Human biases in data mining

Opposing views on what to do about the data we create

premium

Amy Webb

Last Updated : Mar 19 2017 | 11:10 PM IST

DATA FOR THE PEOPLE

How to Make Our Post-Privacy Economy Work for You

Andreas Weigend

Basic Books

299 pages; $27.99

THE ART OF INVISIBILITY

The World’s Most Famous Hacker Teaches You How to Be Safe in the Age of Big Brother and Big Data

Kevin Mitnick with Robert Vamosi

Little, Brown & Company; 309 pages; $28

Data is the new oil, and we humans are the wells. Our digital crude is a rich brew of mundane, everyday activities — our searches, texts and tweets — along with the GPS coordinates from our phones, the biometric information we share with fitness devices, even the IP addresses of our connected refrigerators. To the average person, this raw material is undetectable noise. But for organisations that know how to identify signals, there’s immense value in refining what has become an unlimited supply.

The popular old data-as-oil idea opens Andreas Weigend’s new book, Data for the People, an exhaustive and insightful look at how data is collected and used, often without our knowledge and almost always without our input. Weigend, the former chief scientist at Amazon, details the “social data” that emanates from billions of cameras, sensors and other devices, as well as social networks, online retailers and dating apps. Data refineries — those companies and people who turn our digital crude into profitable information — hunt for patterns, then sort us into buckets based on our behaviour. As Weigend points out, this exchange benefits everyone: If we let ourselves be mined, we receive personalised recommendations, connections and deals. Yet there’s an imbalance of power. Companies make a lot of money from our data, and we have very little say in how it’s used.

Weigend argues persuasively that in this “post-privacy” world, we should give our data freely, but that we should expect certain protections in return. He advocates a set of rights to increase data refineries’ transparency and to increase our own agency in how information is used. Companies like OkCupid, WeChat and Spotify should perform data safety audits, submit to privacy ratings and calculate a score based on the benefits they provide — a sort of credit score for the companies that mine our data.

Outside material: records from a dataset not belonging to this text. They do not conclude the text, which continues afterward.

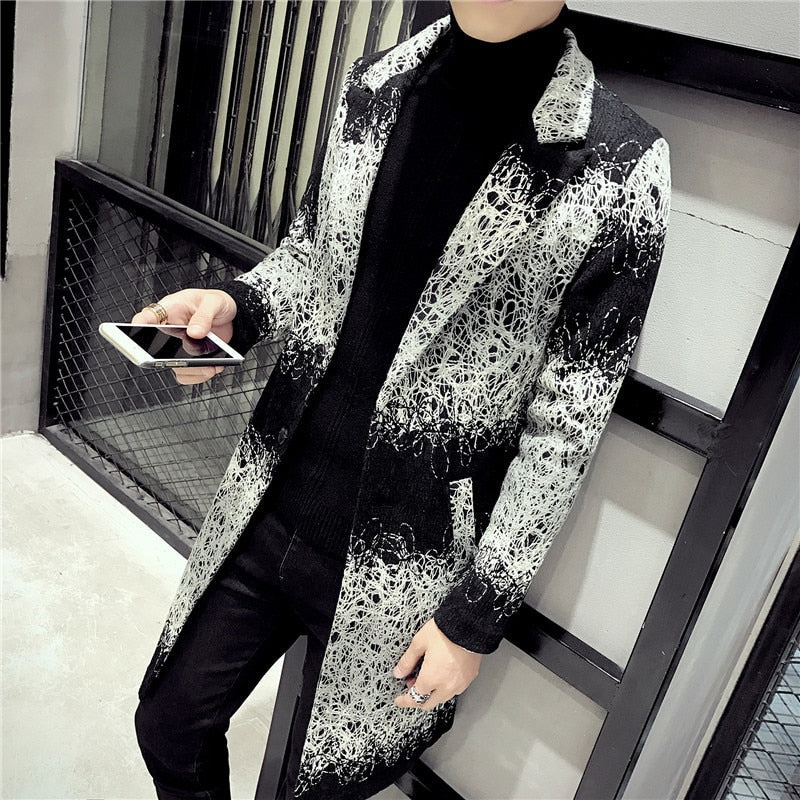 Men's Slim tie dyed trench coat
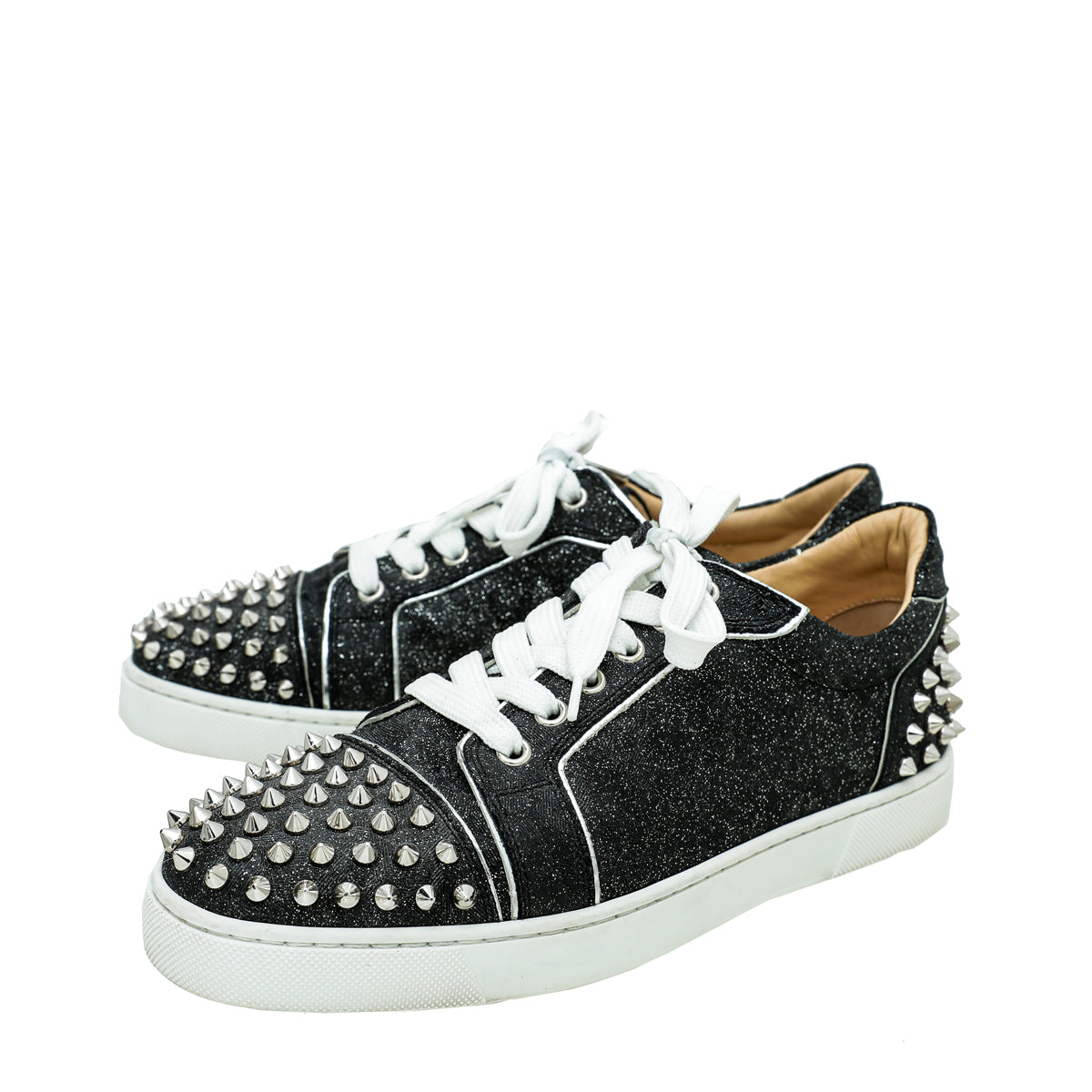 Christian Louboutin Metallic Black Spike Vieira 2 Sneaker 39-Christian Louboutin-THE CLOSET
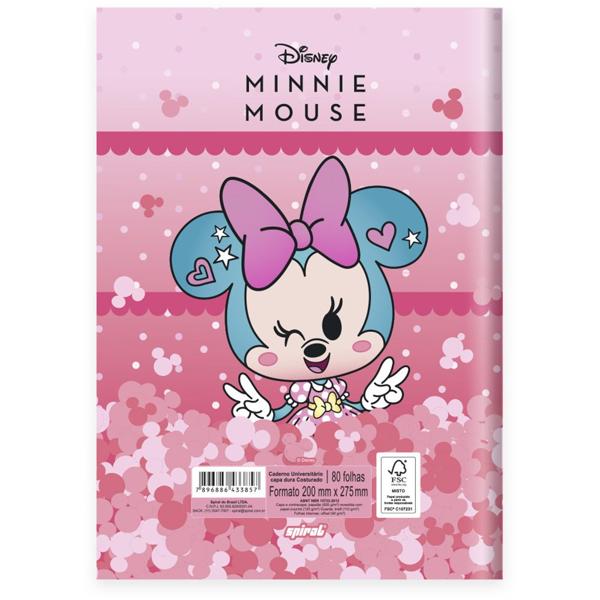 Caderno Universitário Capa Dura, Costurado, 80 Folhas, Disney Minnie Kawaii, 2333857, Spiral Mikw - PT 1 UN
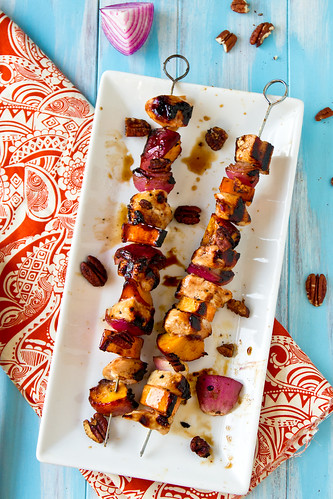 Chicken, peach, and sweet potato skewers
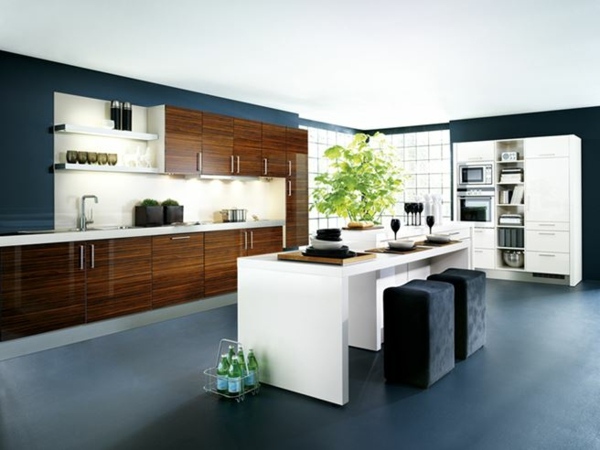 modern kitchen wood island white
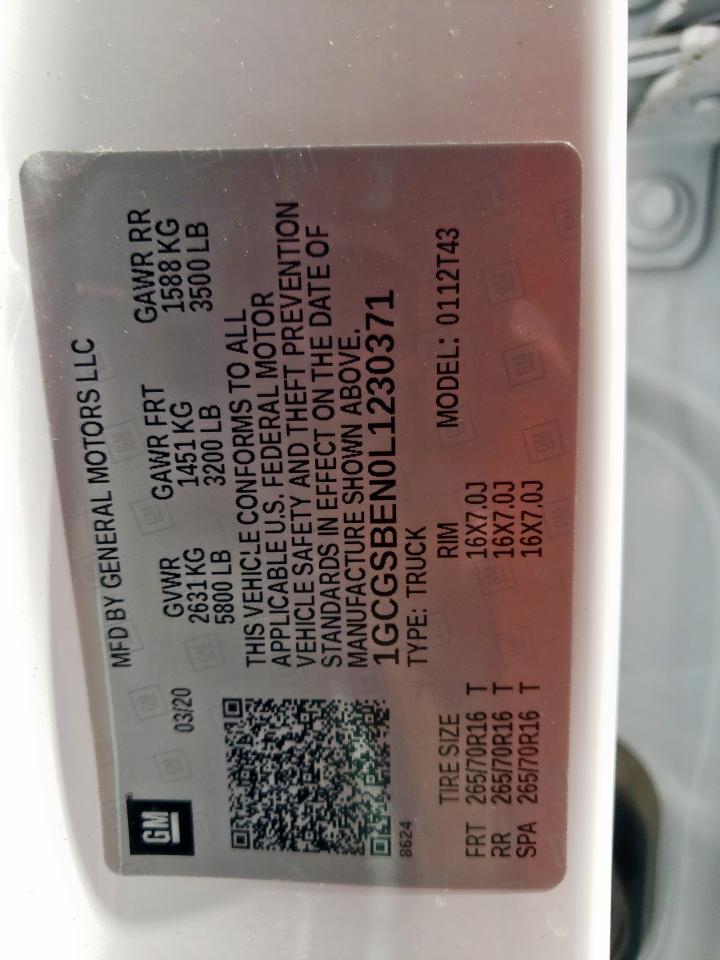 2020 Chevrolet Colorado VIN: 1GCGSBEN0L1230371 Lot: 80377155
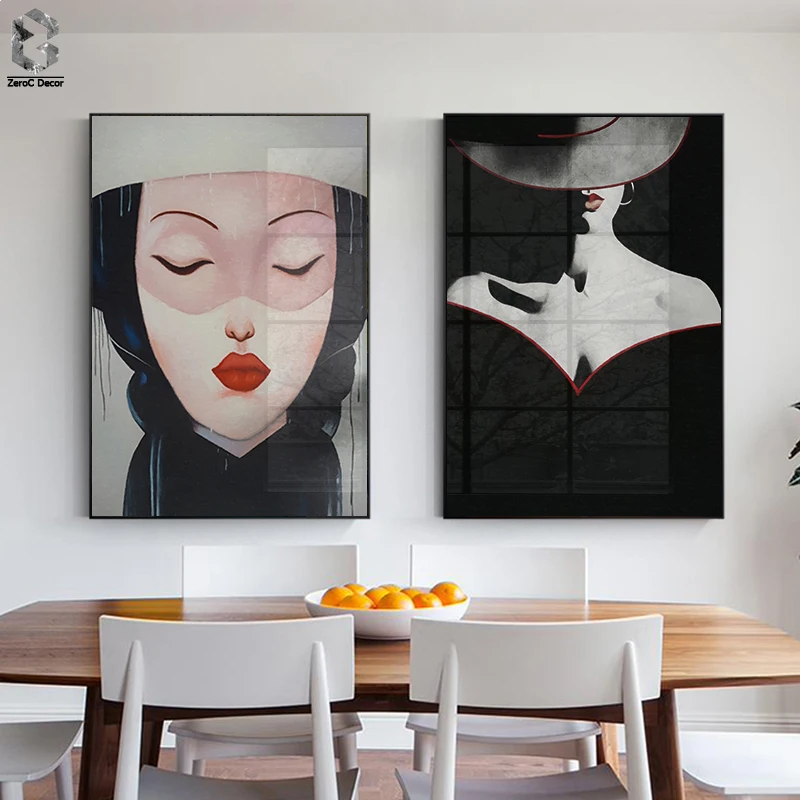 

Modern Abstract Paintings Women Portrait Fashion Poster Art Print Large Figure Pictures Canvas Decorative Wall Pictures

Not everyone believes that our information should be freely available as long as we agree to the terms of use. In The Art of Invisibility, the internet security expert Kevin Mitnick advocates the opposite. Mitnick notes various reasons we may want to hide our data: We’re wary of the government; we don’t want businesses intruding into our lives; we have a mistress; we are the mistress; we’re a criminal. Mitnick, who served five years in prison for hacking into corporate networks and stealing software, offers a sobering reminder of how our raw data — from email, cars, home Wi-Fi networks and so on — makes us vulnerable.

Both books are meant to scare us, and the central theme is privacy: Without intervention, they suggest, we’ll come to regret today’s inaction. I agree, but the authors miss the real horror show on the horizon. The future’s fundamental infrastructure is being built by computer scientists, data scientists, network engineers and security experts who do not recognise their own biases. This encodes an urgent flaw in the foundation itself. The next layer will be just a little off, along with the next one and the one after that, as the problems compound.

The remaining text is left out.